Skip every picture and copy only the lines from the one containing "FREE | シャツ/ブラウス" to the final line of the records below.

- Opening Delimiter -

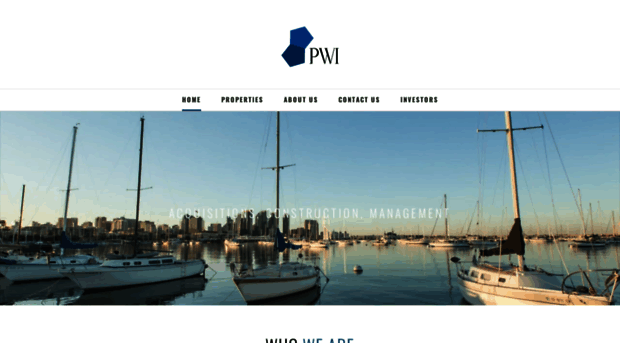 pwinv.com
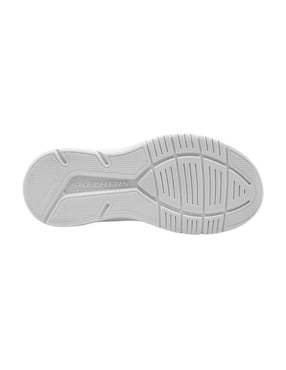 Tenis Skechers para mujer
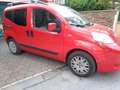 Fiat Qubo 1,4 73 Rot - thumbnail 6
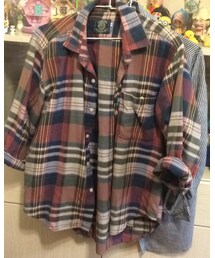 FREE | シャツ/ブラウス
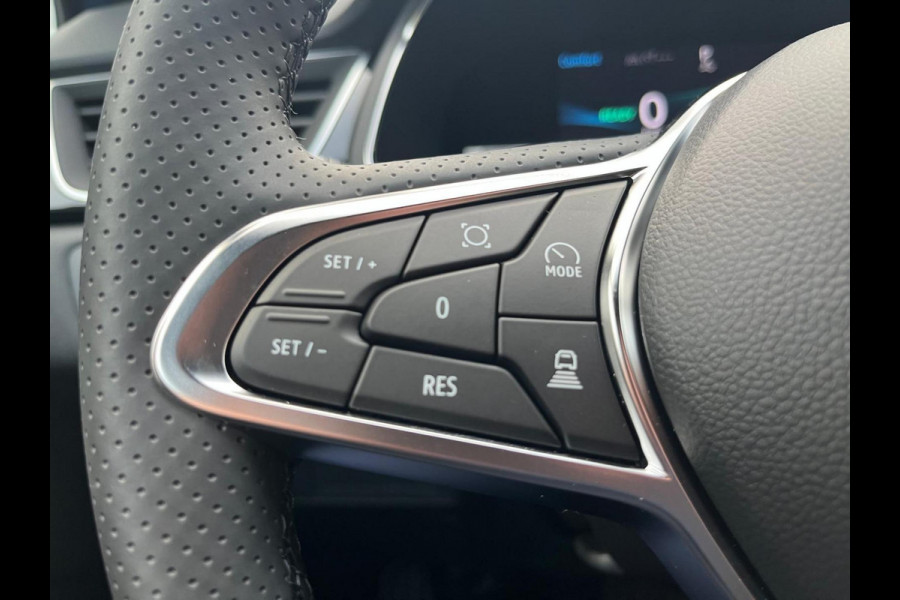 Mitsubishi Grandis 1.8 HEV Intense+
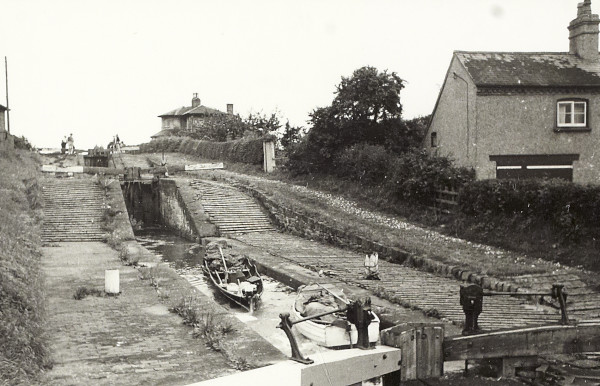 BW200-1-55-2-1 image BW200-1-55-2-1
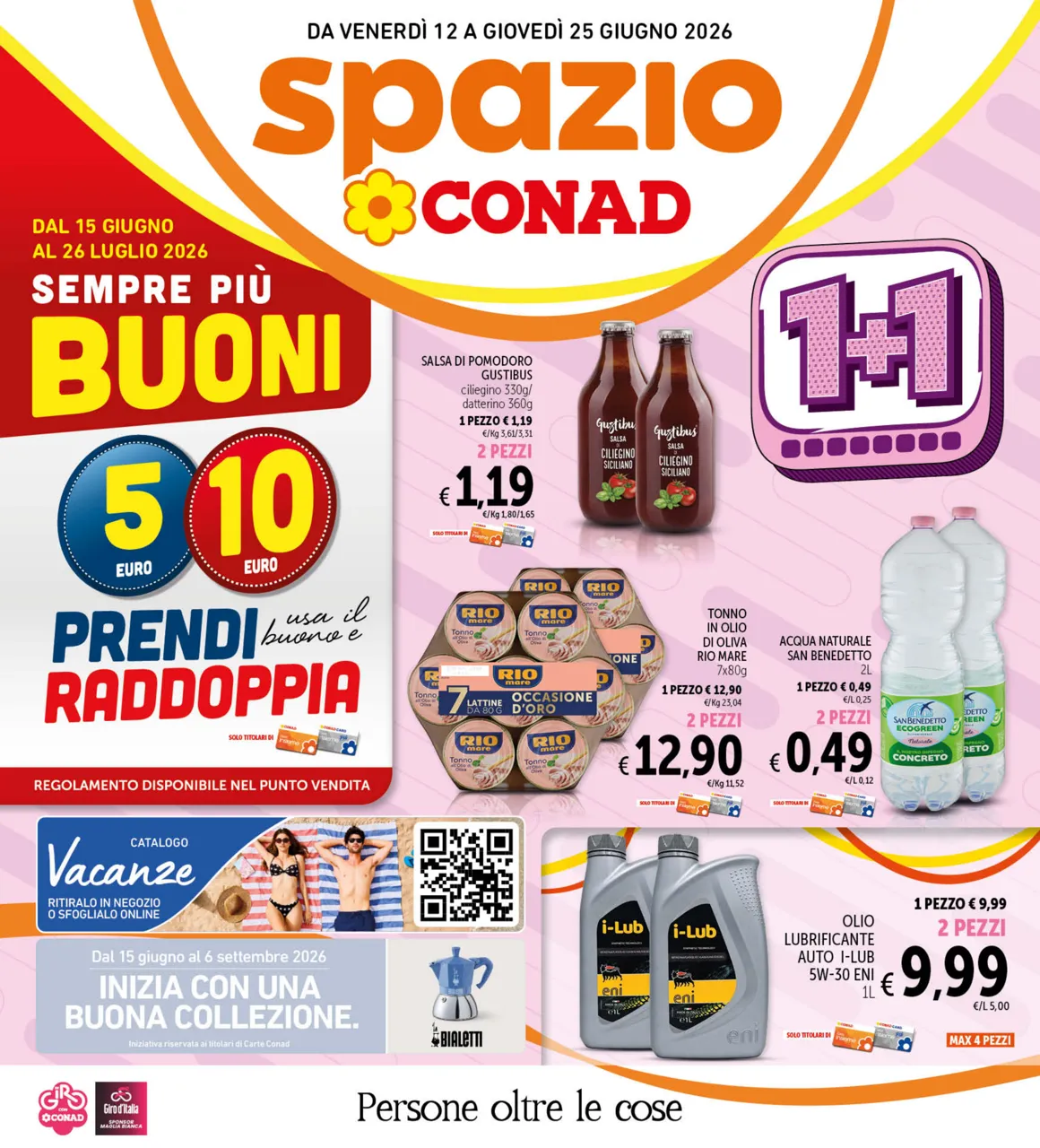 Pagina 1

- Closing Delimiter -

Solved exercise:
 FREE | シャツ/ブラウス
 Mitsubishi Grandis 1.8 HEV Intense+
 BW200-1-55-2-1 image BW200-1-55-2-1
 Pagina 1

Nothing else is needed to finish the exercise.